To put the predicate letter 'F' in a quantifier is to treat predicate positions suddenly as name positions, and hence to treat predicates as names of entities of some sort.

Gist of Idea

Putting a predicate letter in a quantifier is to make it the name of an entity

Source

Willard Quine (Philosophy of Logic [1970], Ch.5)

Book Ref

Quine,Willard: 'Philosophy of Logic' [Prentice-Hall 1970], p.66


A Reaction

Quine's famous objection to second-order logic. But Quine then struggles to give an account of predicates and properties, and hence is accused by Armstrong of being an 'ostrich'. Boolos 1975 also attacks Quine here.
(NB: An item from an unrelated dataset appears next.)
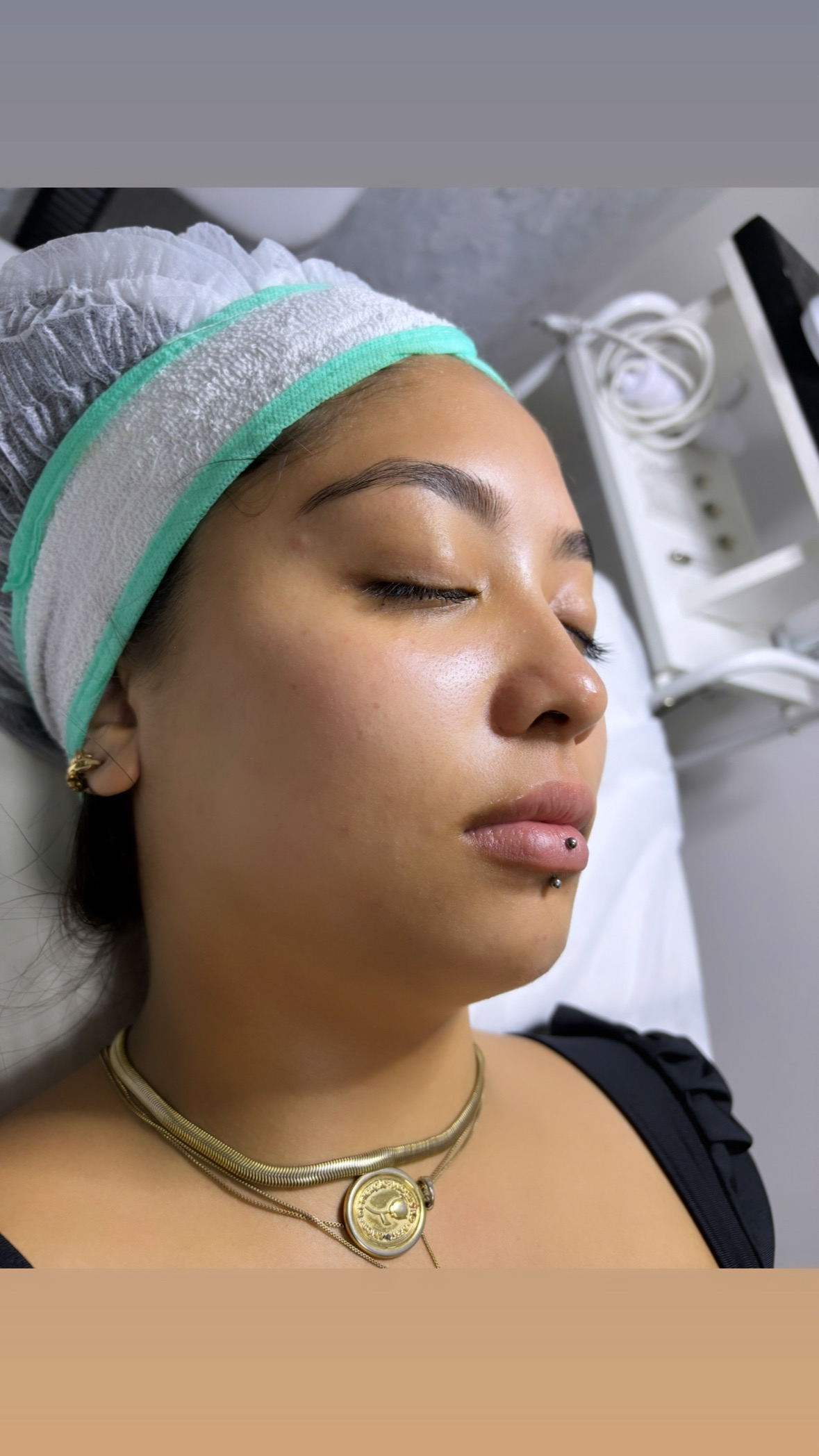 Resultado limpeza de pele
The 11 ideas with the same theme [quantifiyng over both objects, and features or sets of objects]:

Putting a predicate letter in a quantifier is to make it the name of an entity [Quine]
First-order logic concerns objects; second-order adds properties, kinds, relations and functions [Dummett]
Second-order quantifiers are just like plural quantifiers in ordinary language, with no extra ontology [Boolos, by Shapiro]
If you ask what F the second-order quantifier quantifies over, you treat it as first-order [Fine,K]
Second-order variables also range over properties, sets, relations or functions [Shapiro]
Three types of variable in second-order logic, for objects, functions, and predicates/sets [Reck/Price]
In second-order logic the higher-order variables range over all the properties of the objects [Read]
Second-order logic needs second-order variables and quantification into predicate position [Melia]
Perhaps second-order quantifications cover concepts of objects, rather than plain objects [Rayo/Uzquiano]
Second-order variables need to range over more than collections of first-order objects [McGee]
Basic variables in second-order logic are taken to range over subsets of the individuals [Anderson,CA]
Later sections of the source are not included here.